Most people upgrade lights by going to T5, because it is the latest and greatest, and undoubtably gives the most light per watt. That means the market for T8 special aquarium bulbs is very limited. T8 bulbs are used in a lot of ceiling lights, so there are many T8 bulbs available now, ranging from about 3700K to 4100K to 6500K and including "Plant Gro" type bulbs, which tend to look reddish lavender when lit. So, I don't think it would pay anyone to sell special aquarium rated T8 bulbs. Also, several years ago people found that ordinary hardware store T8 bulbs will grow plants very well, so why spend extra for aquarium bulbs.


----------



## comet (Jun 10, 2006)

Those are very good points! I just happen to like this light over my low tech 20 long. And I'm guessing the co. tries to accommodate the type of light strips being sold... Thanks again Hoppy. Wish I could hold all your knowledge in my brain. :confused1:


----------



## FSM (Jan 13, 2009)

Aqua-glo bulbs appear a bit dimmer than power-glo bulbs, in my experience at least. I like 10,000k bulbs, generally they are more whitish than the bluish 18000k bulbs.


----------



## S&KGray (Nov 12, 2008)

Yes they do appear dimmer because aqua-glo bulbs peak in the blue and red areas of the spectrum with only a small peak in the green/yellow. Great for photosynthesis but not very good for viewing. Power-glo bulbs peak in the blue, green, very high in yellow, with a very small peak in the red.


----------



## Hilde (May 19, 2008)

comet said:


> from my previous thread on June 4,
> "I would like to keep it as a low light tank. *No* CO2


I am doing the same thing now. Tried 85watts over my 29 gallon tank until I saw the electric bill go up. Tried the diy Co2 and hated the smell of it. 


comet said:


> Size of tank is;
> 48 1/4" L, 12 3/4" W, 16 7/8" H
> I purchased a used/like new Perfect-a-light Double Bright 48" light strip, high polished aluminum reflector. It came with two 40W, T10 Eclipse Natural Daylight fluorescent bulbs. Perfecto mfg. K rating for the 24" daylight, and that's 5200.

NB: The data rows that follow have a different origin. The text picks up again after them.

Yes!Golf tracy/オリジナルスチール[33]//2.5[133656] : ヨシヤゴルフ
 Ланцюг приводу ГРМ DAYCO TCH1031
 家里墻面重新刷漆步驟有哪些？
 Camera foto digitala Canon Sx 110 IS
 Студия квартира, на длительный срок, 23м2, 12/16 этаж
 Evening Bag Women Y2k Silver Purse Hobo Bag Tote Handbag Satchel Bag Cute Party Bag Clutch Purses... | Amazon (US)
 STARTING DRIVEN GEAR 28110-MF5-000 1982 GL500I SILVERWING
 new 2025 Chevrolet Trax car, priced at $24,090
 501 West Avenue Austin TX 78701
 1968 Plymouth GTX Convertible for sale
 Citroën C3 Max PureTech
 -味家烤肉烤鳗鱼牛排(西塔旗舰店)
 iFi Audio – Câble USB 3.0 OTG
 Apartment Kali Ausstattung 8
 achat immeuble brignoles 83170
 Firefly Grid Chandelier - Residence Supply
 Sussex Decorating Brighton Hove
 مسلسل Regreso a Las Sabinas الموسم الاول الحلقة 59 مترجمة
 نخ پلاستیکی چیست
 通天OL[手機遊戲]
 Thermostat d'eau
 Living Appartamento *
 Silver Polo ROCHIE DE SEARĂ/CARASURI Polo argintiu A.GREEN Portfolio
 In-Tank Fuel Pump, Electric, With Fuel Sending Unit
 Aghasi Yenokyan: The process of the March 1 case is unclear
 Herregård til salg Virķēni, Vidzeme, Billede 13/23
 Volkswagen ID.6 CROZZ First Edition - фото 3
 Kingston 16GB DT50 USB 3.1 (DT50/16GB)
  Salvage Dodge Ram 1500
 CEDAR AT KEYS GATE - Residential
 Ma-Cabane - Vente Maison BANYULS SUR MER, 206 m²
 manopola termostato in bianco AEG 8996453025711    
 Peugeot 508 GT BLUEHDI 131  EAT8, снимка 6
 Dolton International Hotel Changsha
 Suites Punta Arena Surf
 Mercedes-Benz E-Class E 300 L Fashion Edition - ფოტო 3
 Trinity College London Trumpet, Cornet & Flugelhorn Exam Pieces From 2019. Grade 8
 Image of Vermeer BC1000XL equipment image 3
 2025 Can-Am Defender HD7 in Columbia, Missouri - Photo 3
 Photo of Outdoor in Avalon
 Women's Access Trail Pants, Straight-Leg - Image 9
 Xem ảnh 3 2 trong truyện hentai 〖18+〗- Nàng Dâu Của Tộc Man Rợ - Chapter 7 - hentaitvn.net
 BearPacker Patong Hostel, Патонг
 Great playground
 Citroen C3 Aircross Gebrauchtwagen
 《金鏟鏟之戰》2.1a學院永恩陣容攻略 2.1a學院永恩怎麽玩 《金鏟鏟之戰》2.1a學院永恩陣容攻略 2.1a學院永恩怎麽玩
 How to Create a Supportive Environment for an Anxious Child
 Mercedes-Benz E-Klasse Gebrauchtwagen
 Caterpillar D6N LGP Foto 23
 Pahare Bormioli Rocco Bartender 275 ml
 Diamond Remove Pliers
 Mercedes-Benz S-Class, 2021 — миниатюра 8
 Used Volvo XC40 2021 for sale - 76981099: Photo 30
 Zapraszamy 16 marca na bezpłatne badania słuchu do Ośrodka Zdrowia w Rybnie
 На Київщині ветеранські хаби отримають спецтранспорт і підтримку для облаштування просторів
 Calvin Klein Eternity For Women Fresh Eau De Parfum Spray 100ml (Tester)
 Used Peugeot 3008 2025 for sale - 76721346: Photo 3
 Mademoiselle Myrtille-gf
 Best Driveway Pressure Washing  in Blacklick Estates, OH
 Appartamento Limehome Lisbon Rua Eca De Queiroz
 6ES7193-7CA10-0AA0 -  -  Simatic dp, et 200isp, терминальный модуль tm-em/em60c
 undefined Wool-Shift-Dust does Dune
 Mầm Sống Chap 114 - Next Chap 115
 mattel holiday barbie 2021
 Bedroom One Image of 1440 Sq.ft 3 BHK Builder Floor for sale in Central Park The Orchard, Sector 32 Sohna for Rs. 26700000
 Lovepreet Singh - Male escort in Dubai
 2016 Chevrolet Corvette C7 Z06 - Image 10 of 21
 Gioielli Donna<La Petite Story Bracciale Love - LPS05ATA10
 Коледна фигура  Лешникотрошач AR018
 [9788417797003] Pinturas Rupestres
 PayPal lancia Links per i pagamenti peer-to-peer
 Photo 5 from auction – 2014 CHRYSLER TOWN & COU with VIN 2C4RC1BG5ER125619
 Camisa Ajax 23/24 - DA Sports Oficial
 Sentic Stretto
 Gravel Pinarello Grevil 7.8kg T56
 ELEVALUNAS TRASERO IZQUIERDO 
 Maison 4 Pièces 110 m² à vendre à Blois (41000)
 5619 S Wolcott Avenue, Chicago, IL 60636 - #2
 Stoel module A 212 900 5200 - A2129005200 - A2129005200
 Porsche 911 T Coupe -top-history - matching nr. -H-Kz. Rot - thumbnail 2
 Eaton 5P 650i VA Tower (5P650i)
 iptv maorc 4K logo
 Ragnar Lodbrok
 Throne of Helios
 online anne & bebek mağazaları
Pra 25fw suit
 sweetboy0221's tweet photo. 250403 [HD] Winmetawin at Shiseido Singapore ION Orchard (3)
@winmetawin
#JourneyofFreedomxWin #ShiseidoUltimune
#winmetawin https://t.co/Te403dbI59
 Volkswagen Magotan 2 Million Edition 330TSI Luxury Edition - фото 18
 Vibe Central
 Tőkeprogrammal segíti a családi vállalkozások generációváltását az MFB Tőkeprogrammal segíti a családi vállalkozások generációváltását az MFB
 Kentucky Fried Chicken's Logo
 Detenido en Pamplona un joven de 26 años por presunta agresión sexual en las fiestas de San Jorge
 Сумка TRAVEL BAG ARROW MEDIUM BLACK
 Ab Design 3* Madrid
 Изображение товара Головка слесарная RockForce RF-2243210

I am finding that the color spectrum is more important than the wattage for most plants. The wpg rule is outdated for it is based on T12 bulbs and those aren't used my many anymore. They don't get as much light to the bottom of the tank as the smaller tubes do.

It has a good kelvin rating thus it may work. If not you might try to to add a small light strip to it.


----------



## Hilde (May 19, 2008)

comet said:


> My final decision is to go with 1 40W T8 Aqua-Glo and 1 32W T8 Philips Daylight Deluxe.


I am thinking of doing something similar for my 30in long tank. At the moment I have a 20w T8 Philips Daylight bulb, 20w T8 Zoo Med Ultra daylight bulb and Life-Glo2. I am planning on replacing the Philips bulb with a 18,000k bulb to bring out the colors of the fish more. The power-glo and aqua-glo are 18,000k.

Have you tried getting an independent pet store to order bulbs for you? Googled Power-glo and found the 48in T8 here. here
It is cheaper on line than in petsmart for me. 

Can't wait to see the results!!


----------